The Act of March 2, 1927, set up the division of authority in the Patent Office essentially as it exists today by abolishing the appeal to the Commissioner and delegating the task of hearing appeals solely to the newly expanded board. The Commissioner was made a member of the board along with the First Assistant Commissioner, the Assistant Commissioner and the examiners-in-chief. SeePub.L. No. 69-690, 44 Stat. 1335 (1927). The act separated the administrative function of running the Patent Office assigned to the Commissioner, from the adjudicatory function of deciding individual cases of patentability, delegated to the board. This division was retained in the 1952 Patent Act. See 35 U.S.C. §§ 6 and 7. The additional requirement that “examiners-in-chief shall be persons of competent legal knowledge and scientific ability” suggests the board is to render its decisions on legal and scientific bases independent of administrative and policy concerns. See id. § 7(a).

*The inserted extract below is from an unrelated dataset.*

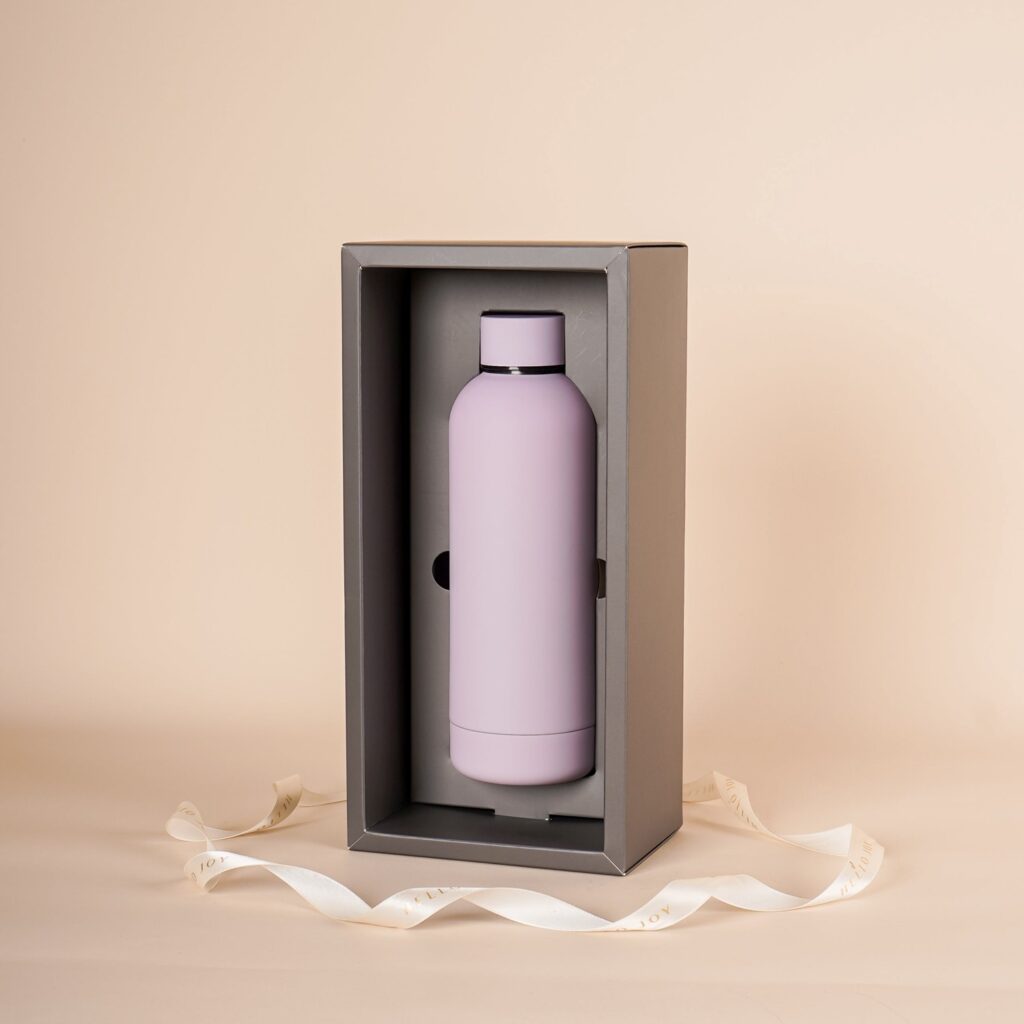 FuturoThermos (Customisable)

The independent character of the board comports with the arrangement of other adjudicatory bodies in the executive branch. For example, Congress has created agency boards of contract appeals and given them the authority to rule on disputes arising out of contracts between the government and private parties. 41 U.S.C. § 607 (1988). These boards preside over cases in which contract rights of private individuals and entities are directly pitted against the interests of the government. Likewise the patent appeals board resolves conflicts between individuals seeking exclusive rights to inventions and the government’s interest in promoting free exchange of technology. Both the board of patent appeals and the contract appeals boards function under similar grants of authority that, at least facially, are not limited by the authority of the head of the agency. Both bodies are in some sense, “designated” by their agency head, but this does not mean their decisions may be limited or controlled by that official. Historical and statutory notes explaining the authority of the boards of contract appeals state that the boards act independently, “not as a representative of the agency, since the agency is contesting the contractor’s entitlement to relief.” 41 U.S.C.A. § 607 notes; see also United States v. General Dynamics Corp., 828 F.2d 1356, 1364 (9th Cir.1987) (the “ASBCA is intended to be independent of the Department of Defense,” and its function is “strictly quasi-judicial”). By virtue of its similar function and statutory authority, the patent appeals board cannot be viewed as a “representative of the agency” because the Patent Office, through the examiner, also contests the entitlement of the applicant by arguing for rejection of the patent application.